Firstly simple Luddism. To someone growing up before the age of the keyboard and the computer the use of such tools was seen as a skill, a luxury, something which somehow required more effort and resource than simple pen and paper. One instance of this was in one of the first office jobs I had in London in which the big boss sent a memo round which asked all members of staff to write something in reply (I can't remember what it was about now - possibly about a strike or about security measures during Gulf War 1) which he insisted "should be in your own hand". I think there was no malice intended here but just that in his head it would be far too much hassle if everyone had to type and then print out their replies. He was trying to save time.
Not so! I thought, but hand wrote the thing anyway, because he was a scary fucker.
More sinister is when employers insist that job applications be handwritten. Why is this? Surely in this day and age no-one considers a keyboard too high tech? Well no, they don't but as part of the selection process these human resources departments hire graphologists to decipher the character of their potential employees. This strikes me as sneaky and unprofessional.
I am by no means dismissing graphology as a pseudoscience even though some people might lump it in with palm reading and astrology. Personally I can imagine that handwriting offers many insights into the character of the person concerned via straightforward psychological mechanisms. I am sure studying these might indeed reveal their true intentions or character just as effectively as studying their choice of words or facial expressions when speaking. But even if graphology was generally accepted as a hard scientific fact, there'd still be nothing to prevent you from getting someone else to complete the form for you, especially if you think they'd be more likely to get the job.

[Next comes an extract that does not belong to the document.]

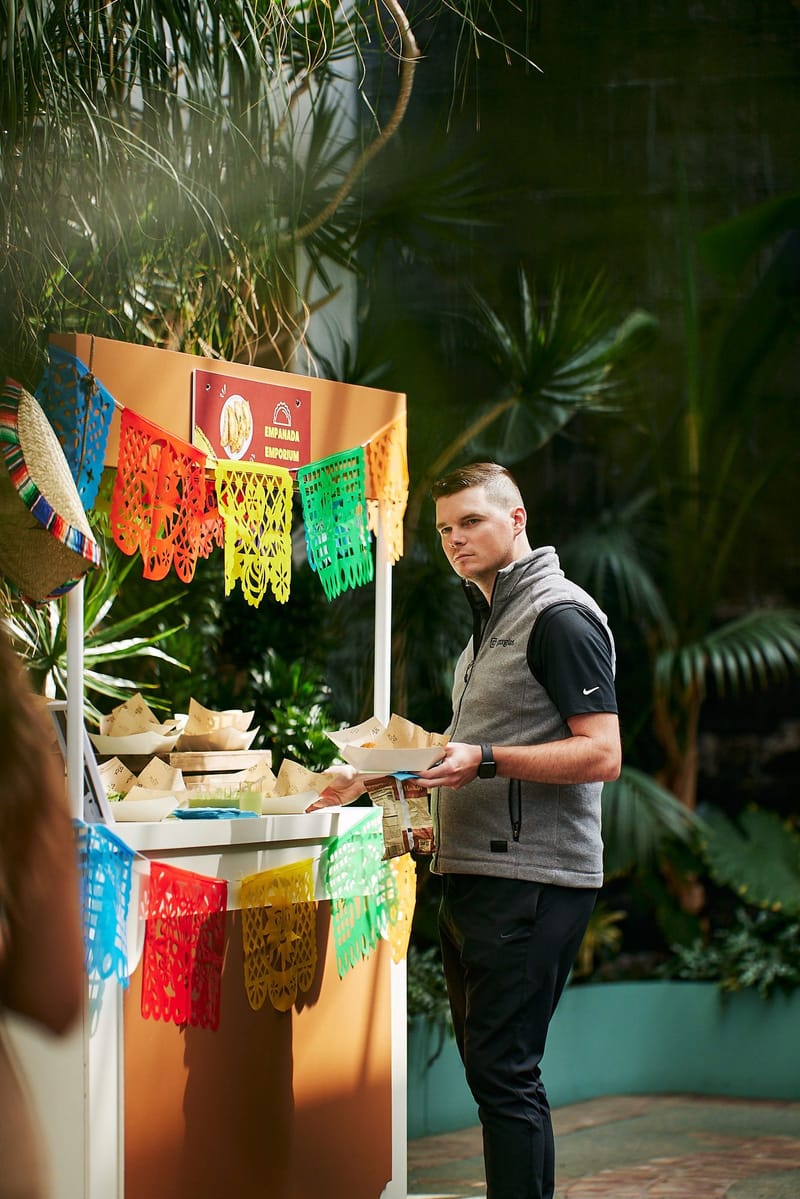 Empanada Emporium stand hung with colorful cut paper banners, with a guest in a Gorgias vest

There is a third scenario when handwriting is insisted upon. You can kind of understand it. Given the way modern devices allow you to do so much it's no wonder that people running training courses or workshops might insist upon people using pen and paper during exercises; I'm sure there's nothing more annoying than someone reading their email, checking Facebook or playing Angry Birds when they're supposed to be making notes. However, this is unfair on people who suffer from the same affliction I do.
You see I no longer blame my inability to handwrite on missing lessons at school. It turns out that the inability to handwrite neatly or constantly is due to Motor Clumsiness which can be one of the symptoms of Asperger Syndrome, something which as I mentioned in an earlier entry I am fairly sure I have albeit in a mild form.